We’re Organizing Around Phase 1:

Lincoln Ave & The East 132nd St Pier

Transforming 96 acres of waterfront won’t happen overnight.

As we continue to fight for the vision of the entire plan, we’re focused on making phase 1 a reality. These are two highly visible, publicly owned street-end sites at Lincoln Avenue and the East 132nd Street Pier.

These locations are already used informally for fishing and gathering. With the right investment, they can become safe, resilient, and permanent public waterfront access points for the South Bronx.

In 2024, we applied for a federal EPA Community Change Grant to fund this first phase. The grant would have jump-started construction at Lincoln Avenue and restored the 132nd Street Pier.

But in early 2025, as the federal government withdrew environmental justice–related funding opportunities, it became clear we would not receive a decision.

That setback does not change the need. We continue to move forward.

Now we’re organizing locally, pushing city and state agencies to fund and implement Phase 1, strengthening partnerships, and bringing more neighbors into the project.

A South Bronx Unite waterfront tour with local residents at the Lincoln Avenue street end.

More than a decade ago, New York State recognized this as a Priority Project. Recognition is nice, but for the health of the people in the South Bronx, we need to make this a reality.

We’re Not Waiting to Transform Our Waterfront

Waterfront Tours

The best way to understand why this fight matters is to see it for yourself.

We host waterfront tours throughout the year, walking or biking the sites included in the Mott Haven–Port Morris Waterfront Plan and sharing the history, the harm, and the possibility.

We also organize tours for residents, schools, and community groups who want to learn more and help move the plan forward.

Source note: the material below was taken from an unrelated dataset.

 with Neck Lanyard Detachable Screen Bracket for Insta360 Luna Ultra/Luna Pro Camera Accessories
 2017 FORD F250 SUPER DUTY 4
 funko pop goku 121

Yes, we need political will.

But political will starts with people coming together.

There is no South Bronx Unite without the people of the South Bronx.

The conversations during a walk along the waterfront are often where the most powerful ideas begin.

Community Visioning

Through community visioning sessions, residents came together to imagine what our waterfront could become, a place for parks, kayaking, green space, and cultural events.

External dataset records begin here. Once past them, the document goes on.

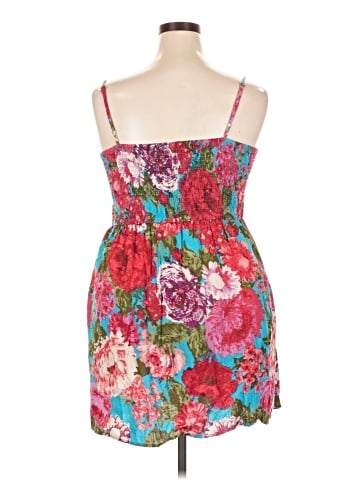 Xhilaration Cocktail Dress (view 2)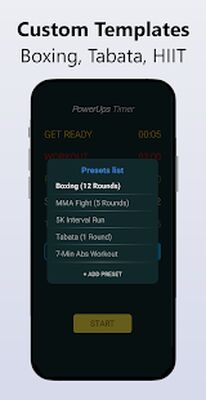 Download Interval Timer: Tabata Timer (Premium MOD) for Android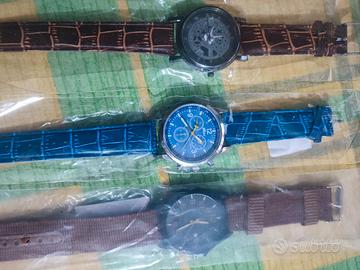 3 orologi 15€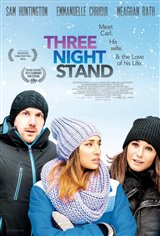Three Night Stand Movie Poster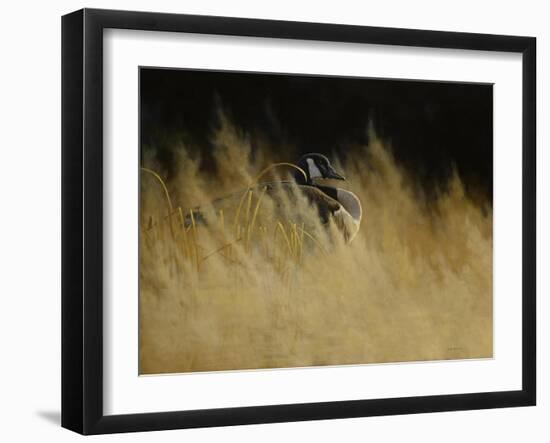 Rise and Shine-Michael Budden-Framed Giclee Print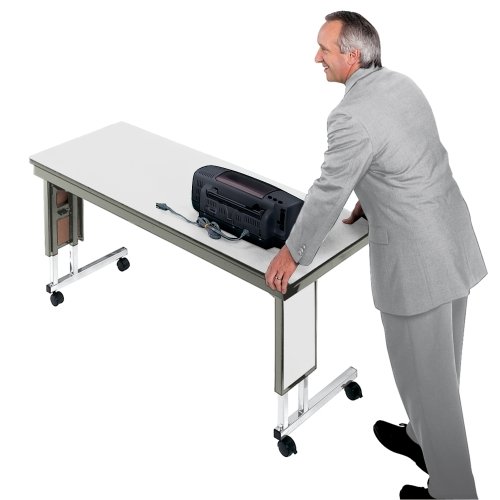 Barricks Adjustable Height Table 24x60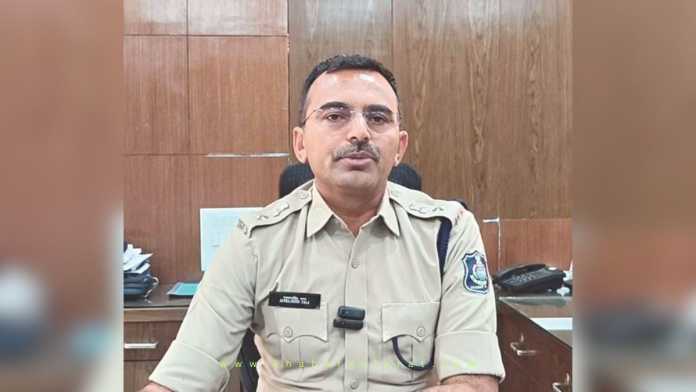 Jayrajsinh Vala-SP Dwarka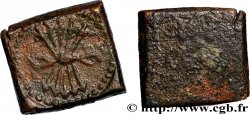 ESPAGNE (ROYAUME D ) - POIDS MONÉTAIRE - PHILIPPE IV D ESPAGNE Poids monétaire pour un réal simple, premier type n.d.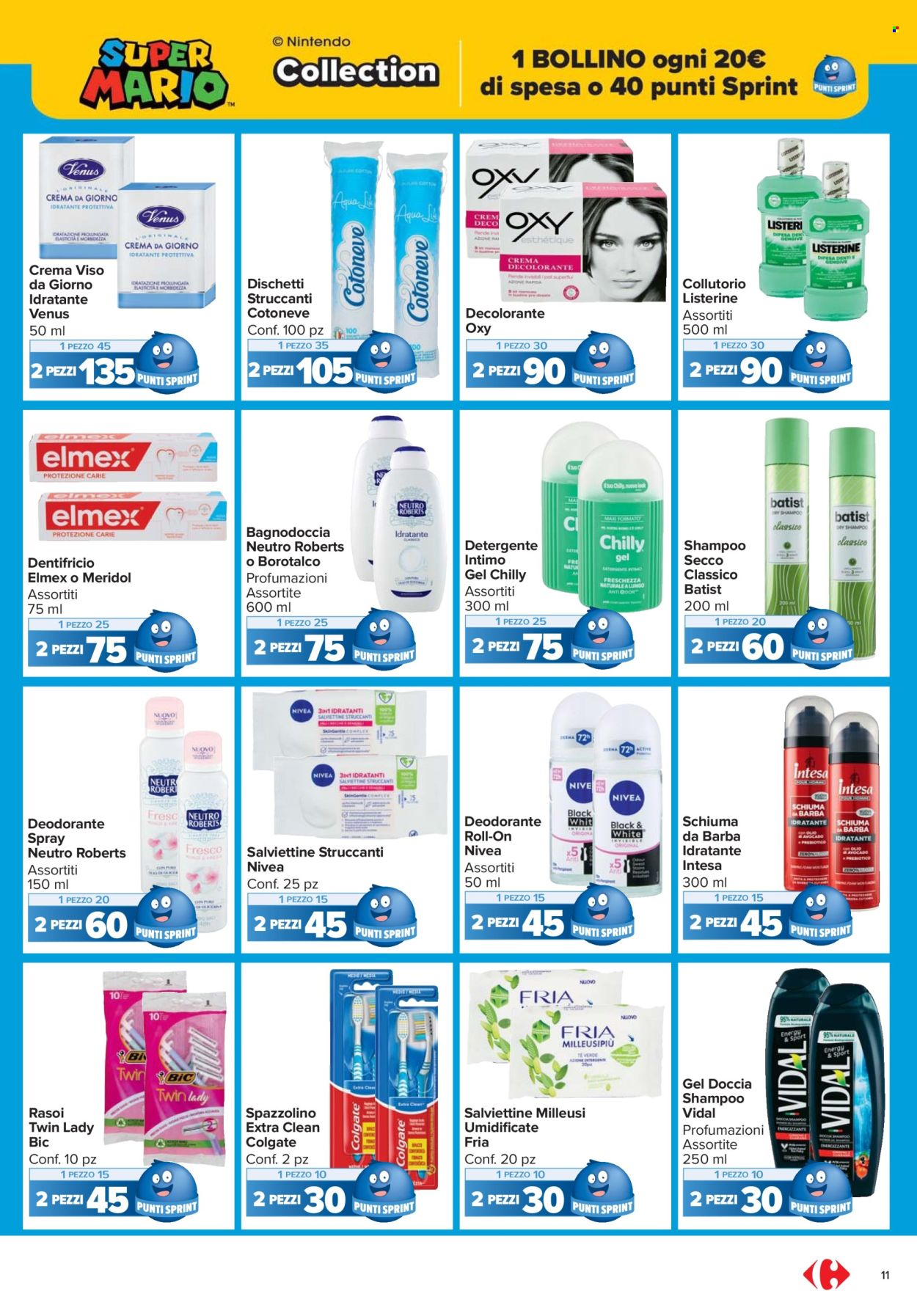 Volantino Carrefour - 15/9/2025 - 25/9/2025. Pagina 11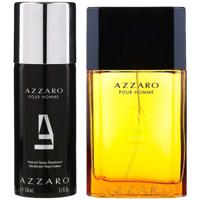 Azzaro Pour Homme (M) Set Edt 100Ml + Deodorant 150Ml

These conversations shaped the Mott Haven–Port Morris Waterfront Plan. They are the waterfront plan.

The ideas came not from outside consultants, but from the people who live here and deserve access to this waterfront the most.

The vision started with the community, and the community continues to lead the fight to make it real.

Community visioning is an ongoing process. If you live in the South Bronx, we want to hear your thoughts on what’s possible for our water.

Expanding The Tree Canopy

In 2024, we teamed up with Bronx Borough President Vanessa Gibson to add much-needed tree canopy to the Lincoln Ave street end.

We know that a lack of tree canopy means hotter summers, higher electric bills, and worse health outcomes. These trees are just the start of many more that we’ll plant as part of the waterfront transformation.

Waterfront Celebrations

The Lincoln Ave Street End is one of the few access points we have to the waterfront. So we’re using it.

In 2024, we hosted our first barbecue with the community.

Seeing kids' smiles, parents taking pictures of the river, and people relaxing and were a powerful reminder of the urgency to advance the waterront plan.